§ **DATA EXTRACT**:
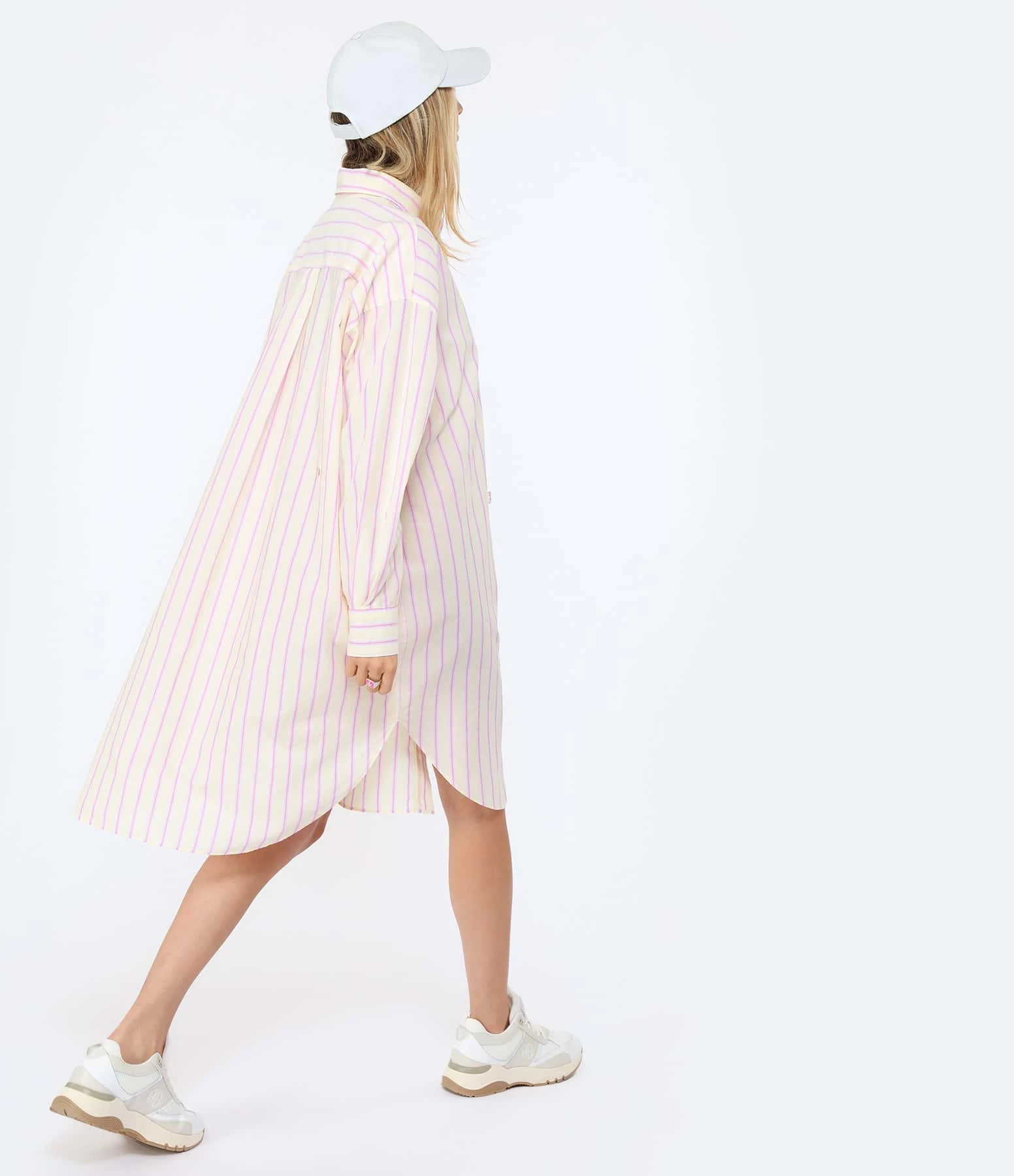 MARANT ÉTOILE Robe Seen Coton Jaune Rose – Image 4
---
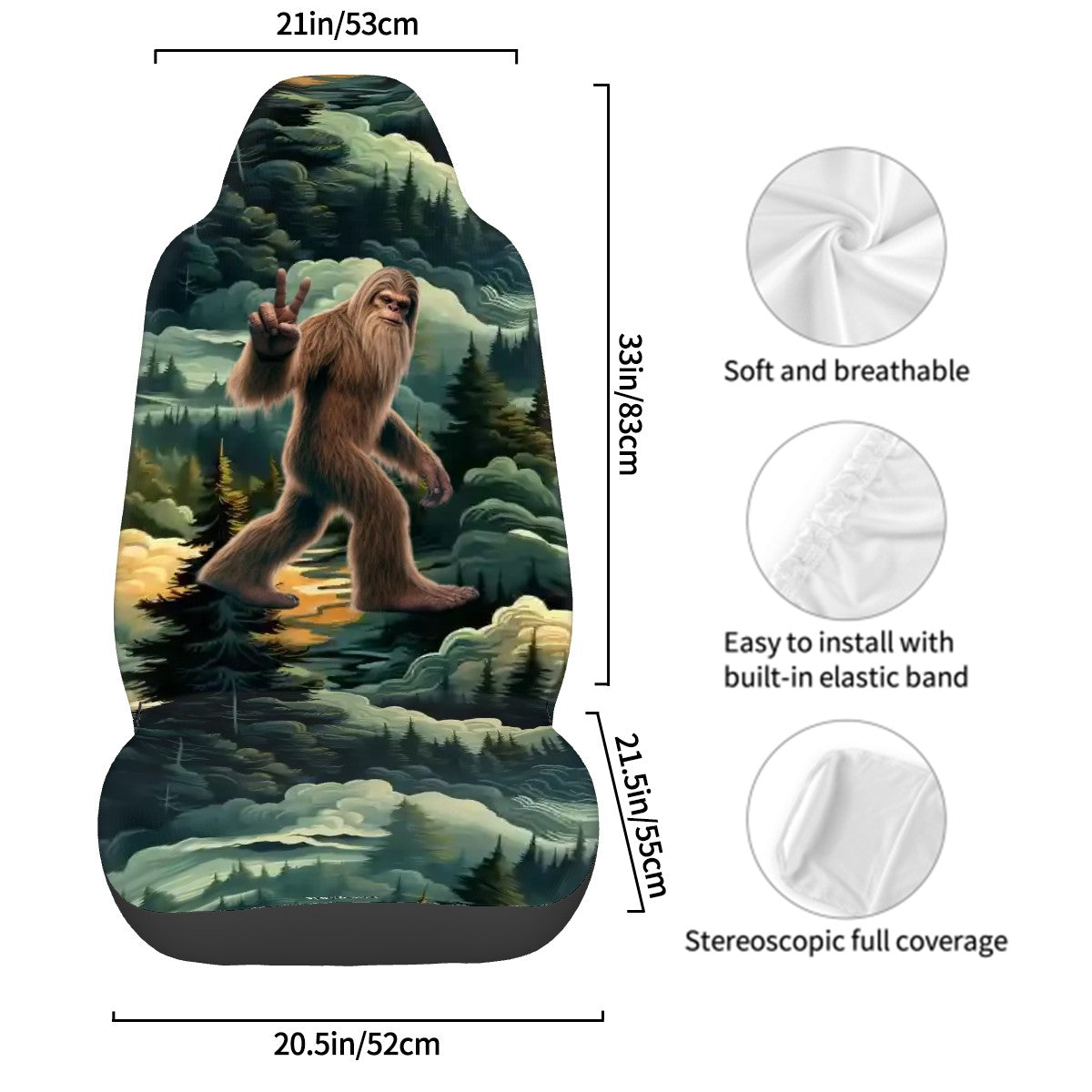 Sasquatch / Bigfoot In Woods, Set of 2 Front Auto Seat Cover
---
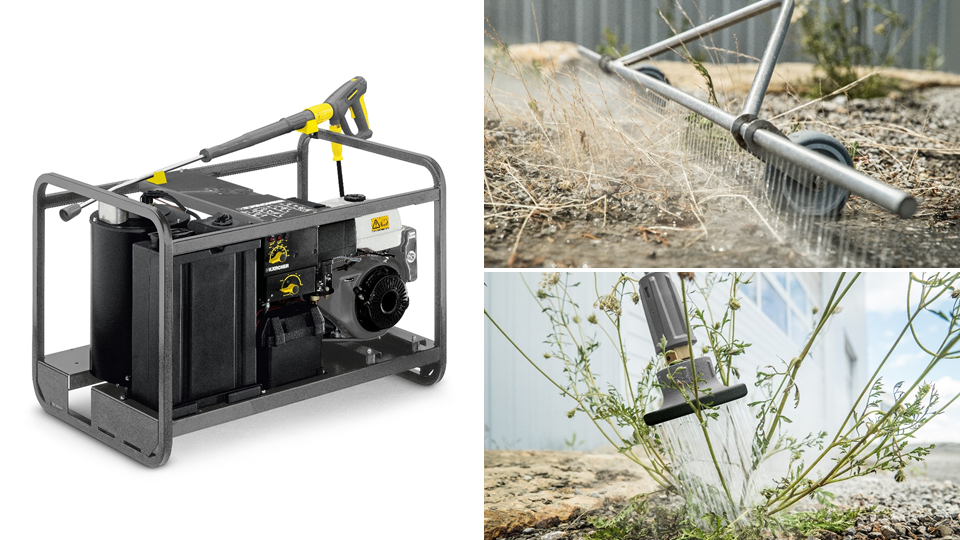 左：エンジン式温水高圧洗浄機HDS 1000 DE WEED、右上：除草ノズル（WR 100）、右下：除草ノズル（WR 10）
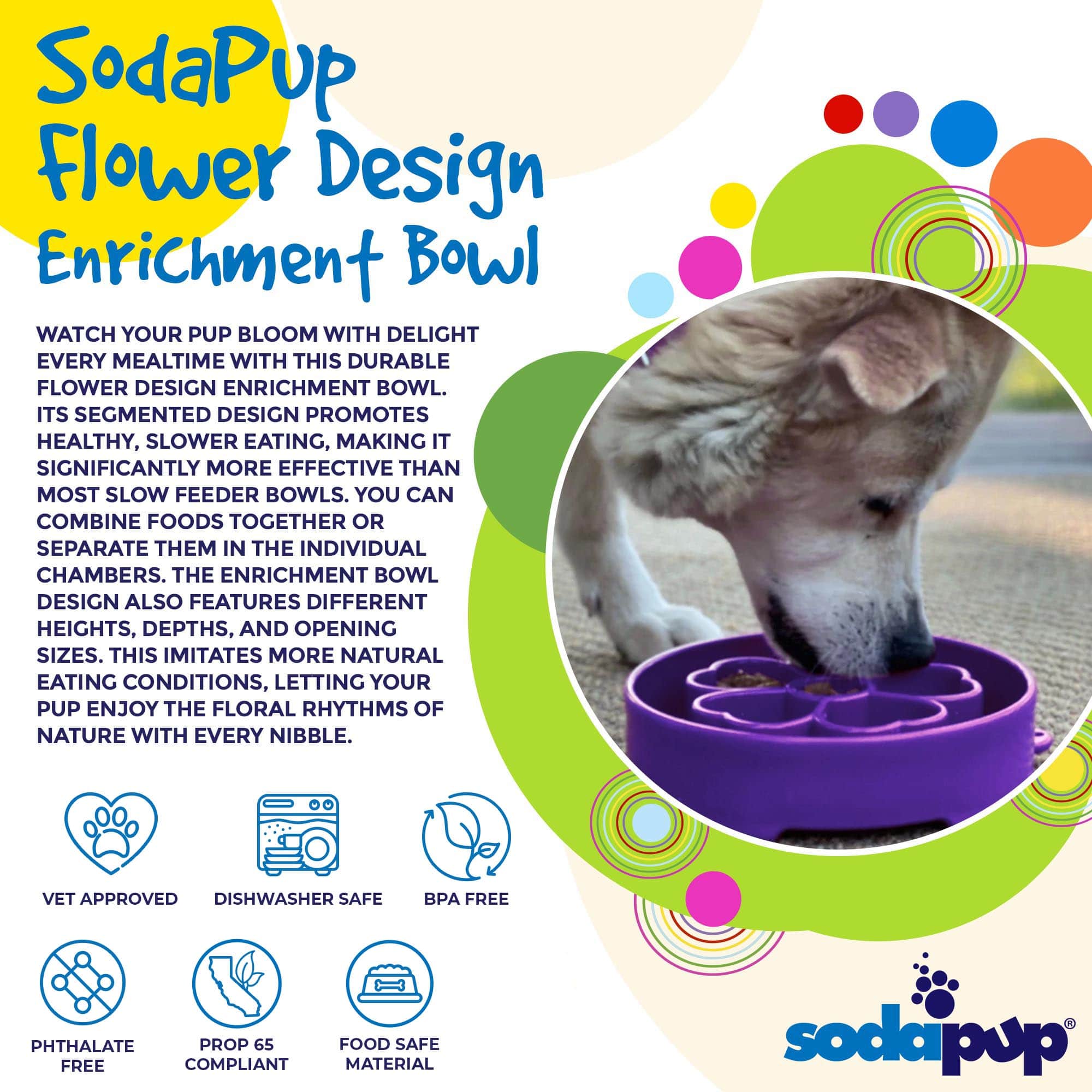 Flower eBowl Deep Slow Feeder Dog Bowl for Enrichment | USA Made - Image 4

§ **EXERCISE REQUIREMENTS**: In the listing above, the required lines run from the line with "左：エンジン式温水高圧洗浄機HDS 1000 DE" through the line with "Flower eBowl Deep". Output exactly those lines, omitting pictures.

§ **EXERCISE RESPONSE**:
 左：エンジン式温水高圧洗浄機HDS 1000 DE WEED、右上：除草ノズル（WR 100）、右下：除草ノズル（WR 10）
 Flower eBowl Deep Slow Feeder Dog Bowl for Enrichment | USA Made - Image 4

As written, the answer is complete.